§ AIM OF THE EXERCISE
Find the line containing "ONE SPORTS + ENTERTAINMENT GROUP logo", then return it and every line after it through the end of the records, exactly. Leave out pictures.

§ AVAILABLE DATA

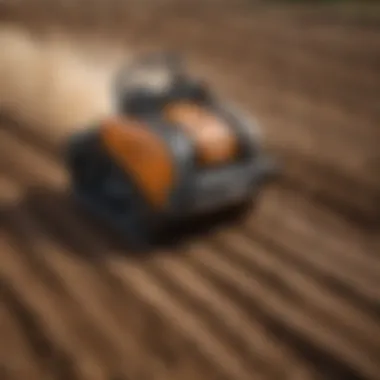 Effect of Sled Compactor on Various Soil Types Different soil types compacted by sled compactor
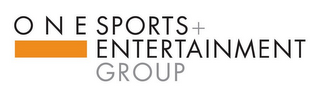 ONE SPORTS + ENTERTAINMENT GROUP logo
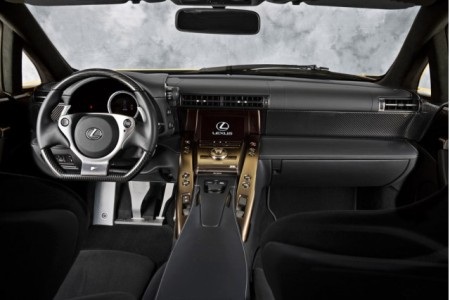 Siêu xe Lexus LF-A có thêm màu vàng - 2 Siêu xe Lexus LF-A có thêm màu vàng - 2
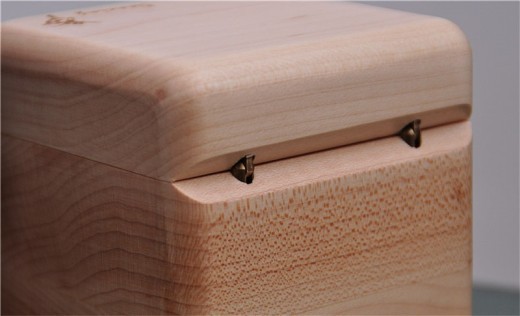 Caja de música de madera para hombre, regalo de San Valentín chino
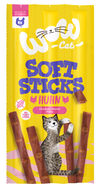 Wow Cat Soft Sticks Chicken 6x5 g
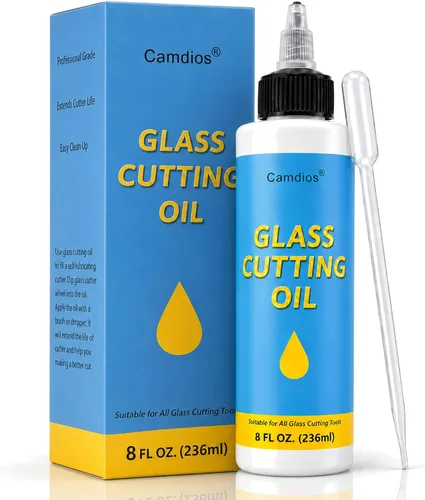 Vista 7 de Aceite de corte de vidrio con parte superior de aplicación de precisión, adecuado para una matriz de cortadores de vidrio y herramientas de corte
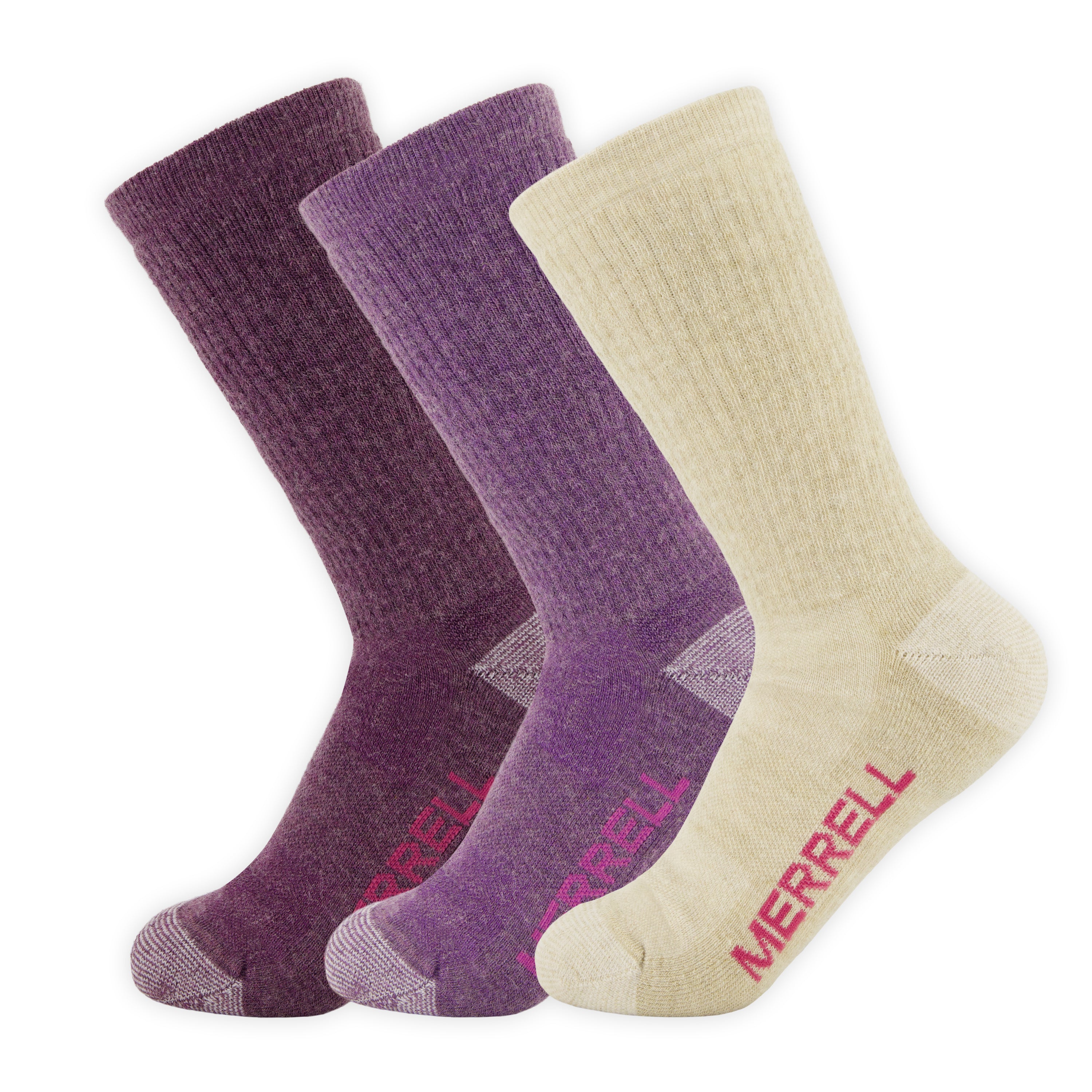 Trekker Outdoor Crew Socks 3 Pack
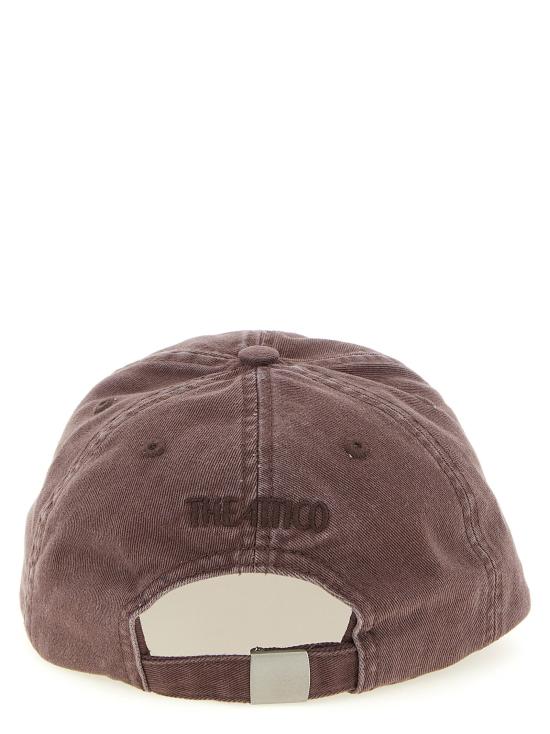  디 아티코 볼캡 LD260WAC00041866 TAUPE - THE ATTICO
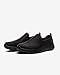 Skechers mens Go Max-athletic Air Mesh Slip on Walking Shoe, Black, 9.5 US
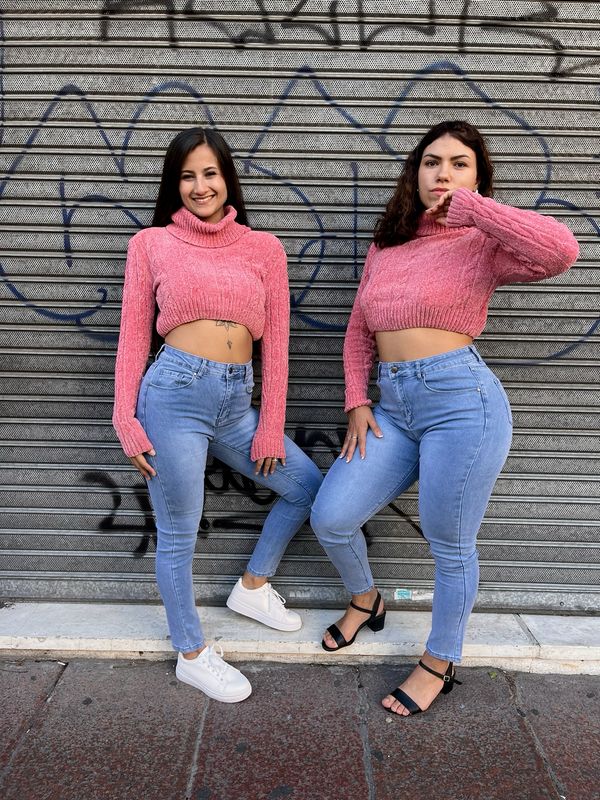 Jean azul claro modelo FIT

§ REPLY
 ONE SPORTS + ENTERTAINMENT GROUP logo
 Siêu xe Lexus LF-A có thêm màu vàng - 2 Siêu xe Lexus LF-A có thêm màu vàng - 2
 Caja de música de madera para hombre, regalo de San Valentín chino
 Wow Cat Soft Sticks Chicken 6x5 g
 Vista 7 de Aceite de corte de vidrio con parte superior de aplicación de precisión, adecuado para una matriz de cortadores de vidrio y herramientas de corte
 Trekker Outdoor Crew Socks 3 Pack
  디 아티코 볼캡 LD260WAC00041866 TAUPE - THE ATTICO
 Skechers mens Go Max-athletic Air Mesh Slip on Walking Shoe, Black, 9.5 US
 Jean azul claro modelo FIT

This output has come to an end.